Assignment. Where the material below has a line containing "Silver glitter crossbody", start repeating exactly, and keep going through the line containing "A group of WWII", with no other lines.

::::

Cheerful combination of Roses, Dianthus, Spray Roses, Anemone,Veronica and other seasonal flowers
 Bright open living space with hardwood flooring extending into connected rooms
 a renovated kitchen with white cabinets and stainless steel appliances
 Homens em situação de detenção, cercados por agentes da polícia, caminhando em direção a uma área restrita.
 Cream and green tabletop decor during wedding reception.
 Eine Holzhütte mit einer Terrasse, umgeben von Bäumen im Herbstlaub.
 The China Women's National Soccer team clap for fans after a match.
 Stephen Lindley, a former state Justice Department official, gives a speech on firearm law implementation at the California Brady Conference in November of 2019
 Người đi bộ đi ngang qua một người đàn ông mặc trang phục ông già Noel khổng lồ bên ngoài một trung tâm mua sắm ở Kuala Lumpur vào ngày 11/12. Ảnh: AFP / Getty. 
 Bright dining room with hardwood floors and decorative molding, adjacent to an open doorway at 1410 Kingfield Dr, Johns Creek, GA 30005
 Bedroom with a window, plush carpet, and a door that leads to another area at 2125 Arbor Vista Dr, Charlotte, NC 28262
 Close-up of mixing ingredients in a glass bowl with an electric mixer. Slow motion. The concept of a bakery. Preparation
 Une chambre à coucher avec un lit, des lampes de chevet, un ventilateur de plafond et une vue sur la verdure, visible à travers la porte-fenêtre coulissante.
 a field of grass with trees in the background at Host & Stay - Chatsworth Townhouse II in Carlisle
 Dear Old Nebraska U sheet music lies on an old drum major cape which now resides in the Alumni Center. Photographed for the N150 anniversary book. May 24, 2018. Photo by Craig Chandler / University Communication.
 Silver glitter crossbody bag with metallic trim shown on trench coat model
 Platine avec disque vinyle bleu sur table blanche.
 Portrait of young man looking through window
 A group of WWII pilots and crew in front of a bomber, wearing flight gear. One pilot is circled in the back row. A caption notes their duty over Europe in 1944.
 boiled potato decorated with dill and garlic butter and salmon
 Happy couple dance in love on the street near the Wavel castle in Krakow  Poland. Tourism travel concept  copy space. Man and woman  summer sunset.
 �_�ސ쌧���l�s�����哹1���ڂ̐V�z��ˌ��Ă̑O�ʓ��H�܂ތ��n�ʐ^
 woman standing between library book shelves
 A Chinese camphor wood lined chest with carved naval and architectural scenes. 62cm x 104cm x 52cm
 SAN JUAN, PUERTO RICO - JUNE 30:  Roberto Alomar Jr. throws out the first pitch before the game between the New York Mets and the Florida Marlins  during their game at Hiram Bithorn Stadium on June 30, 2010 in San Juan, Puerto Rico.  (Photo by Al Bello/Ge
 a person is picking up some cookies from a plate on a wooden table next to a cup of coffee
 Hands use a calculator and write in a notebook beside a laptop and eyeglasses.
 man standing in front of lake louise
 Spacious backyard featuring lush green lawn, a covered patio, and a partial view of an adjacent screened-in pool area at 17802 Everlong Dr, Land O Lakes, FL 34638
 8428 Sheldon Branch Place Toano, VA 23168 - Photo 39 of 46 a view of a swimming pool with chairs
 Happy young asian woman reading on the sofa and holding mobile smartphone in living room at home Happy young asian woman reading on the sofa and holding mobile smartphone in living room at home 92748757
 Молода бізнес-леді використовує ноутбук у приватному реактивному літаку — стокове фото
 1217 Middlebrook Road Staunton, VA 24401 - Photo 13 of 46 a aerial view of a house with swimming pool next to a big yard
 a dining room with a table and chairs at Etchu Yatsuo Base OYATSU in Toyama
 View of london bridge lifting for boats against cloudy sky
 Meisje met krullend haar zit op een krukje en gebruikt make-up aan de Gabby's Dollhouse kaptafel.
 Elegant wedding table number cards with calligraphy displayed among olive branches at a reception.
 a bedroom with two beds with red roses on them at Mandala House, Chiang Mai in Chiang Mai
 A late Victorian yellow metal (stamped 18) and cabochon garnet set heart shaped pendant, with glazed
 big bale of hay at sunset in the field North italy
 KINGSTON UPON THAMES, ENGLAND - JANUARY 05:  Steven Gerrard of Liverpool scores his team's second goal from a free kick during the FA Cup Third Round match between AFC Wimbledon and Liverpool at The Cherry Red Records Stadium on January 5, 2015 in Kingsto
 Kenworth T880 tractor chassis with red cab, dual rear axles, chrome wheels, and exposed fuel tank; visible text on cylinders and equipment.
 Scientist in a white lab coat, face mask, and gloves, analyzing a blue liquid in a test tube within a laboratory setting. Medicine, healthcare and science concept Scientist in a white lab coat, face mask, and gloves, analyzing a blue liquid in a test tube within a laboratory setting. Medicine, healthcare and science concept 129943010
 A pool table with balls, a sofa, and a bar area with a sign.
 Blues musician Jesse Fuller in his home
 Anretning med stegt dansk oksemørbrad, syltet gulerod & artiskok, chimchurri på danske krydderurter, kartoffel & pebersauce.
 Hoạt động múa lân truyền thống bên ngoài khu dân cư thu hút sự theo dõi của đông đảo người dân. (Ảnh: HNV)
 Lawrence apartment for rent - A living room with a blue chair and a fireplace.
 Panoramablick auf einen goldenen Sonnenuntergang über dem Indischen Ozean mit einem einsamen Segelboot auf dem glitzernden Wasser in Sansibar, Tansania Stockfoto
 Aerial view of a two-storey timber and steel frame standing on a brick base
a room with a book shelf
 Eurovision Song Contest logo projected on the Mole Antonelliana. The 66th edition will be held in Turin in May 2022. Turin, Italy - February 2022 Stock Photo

::::

The answer.
 Silver glitter crossbody bag with metallic trim shown on trench coat model
 Platine avec disque vinyle bleu sur table blanche.
 Portrait of young man looking through window
 A group of WWII pilots and crew in front of a bomber, wearing flight gear. One pilot is circled in the back row. A caption notes their duty over Europe in 1944.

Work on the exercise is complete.